Start of Material for this task

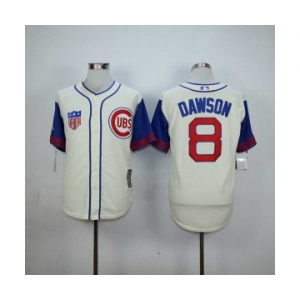 mlb jerseys chicago cubs #8 dawson white[2015 new]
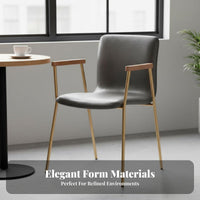 Utilitarian Design Armchair With Backrest Upholstered Armchair Minimalist Look Easy Assembly for Adults, Kitchen, Office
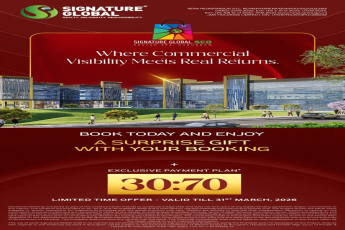 Book Now for a Surprise Gift! || Exclusive 30:70 Payment Plan Offer || Limited Time Offer with Signature Global SCO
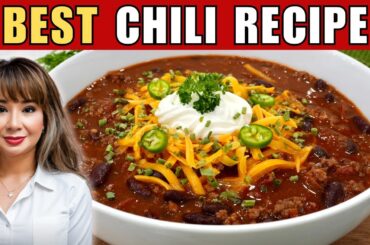 The BEST Chili Recipe You'll Ever Make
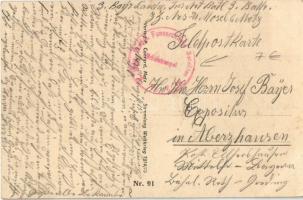 1915 Montmédy, Französische Kanonen auf der Festung unter deutscher Bewachung / WWI German military,...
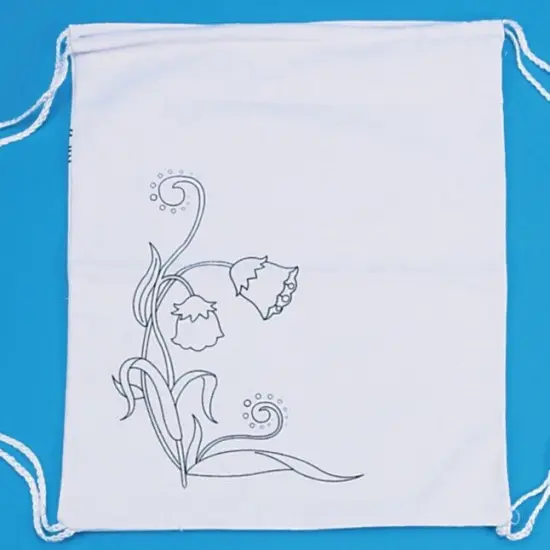 Color-Me&trade;&nbsp;Printed Flower Backpack (Pack of 12) {3}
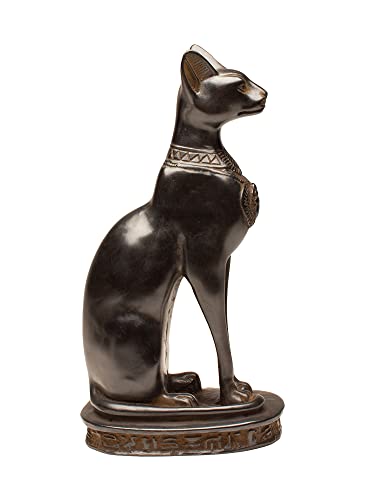 Discoveries Egyptian Imports Bastet Cat Goddess Statue - Black - 8" Tall - Made In Egypt #TOP24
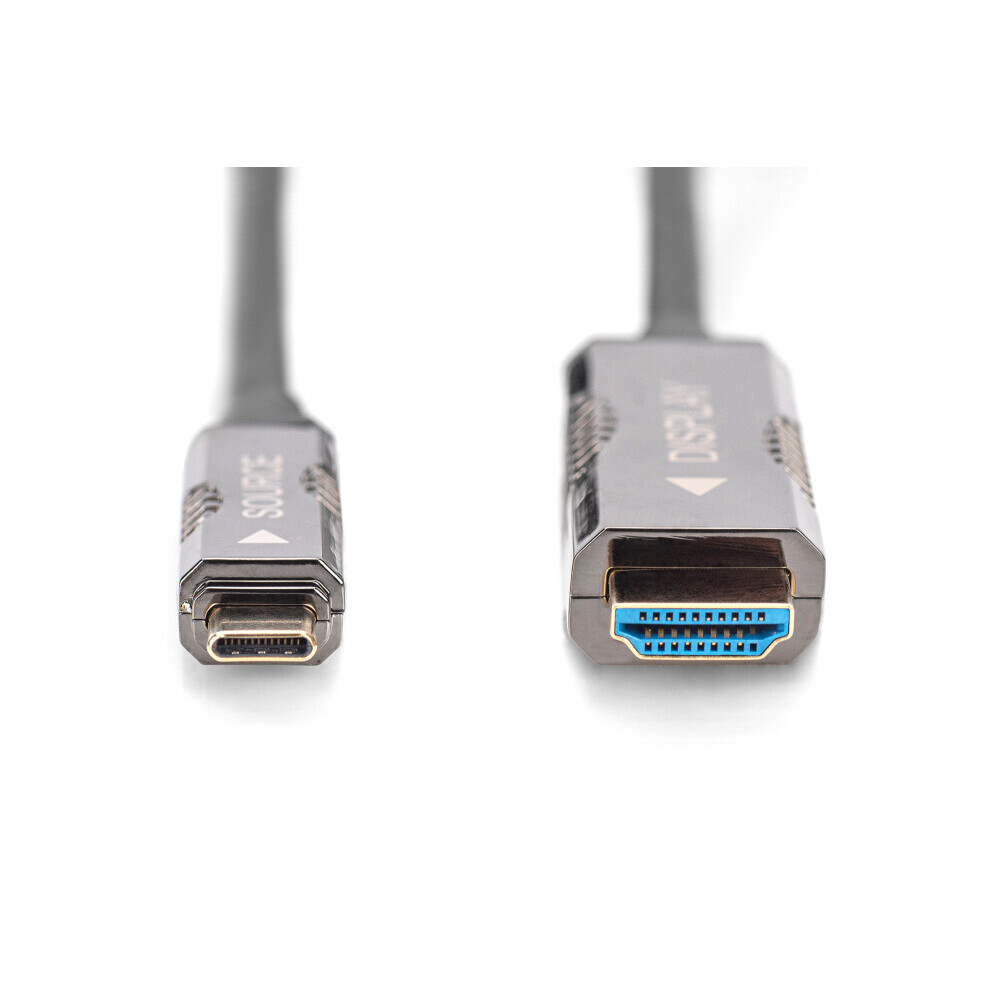 Adaptateur AOC DIGITUS USB - Type C to HDMI 10m (AK-330150-100-S)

End of Material for this task

Write out the records exactly. Do not carry the pictures over.

 mlb jerseys chicago cubs #8 dawson white[2015 new]
 Utilitarian Design Armchair With Backrest Upholstered Armchair Minimalist Look Easy Assembly for Adults, Kitchen, Office
 Book Now for a Surprise Gift! || Exclusive 30:70 Payment Plan Offer || Limited Time Offer with Signature Global SCO
 The BEST Chili Recipe You'll Ever Make
 1915 Montmédy, Französische Kanonen auf der Festung unter deutscher Bewachung / WWI German military,...
 Color-Me&trade;&nbsp;Printed Flower Backpack (Pack of 12) {3}
 Discoveries Egyptian Imports Bastet Cat Goddess Statue - Black - 8" Tall - Made In Egypt #TOP24
 Adaptateur AOC DIGITUS USB - Type C to HDMI 10m (AK-330150-100-S)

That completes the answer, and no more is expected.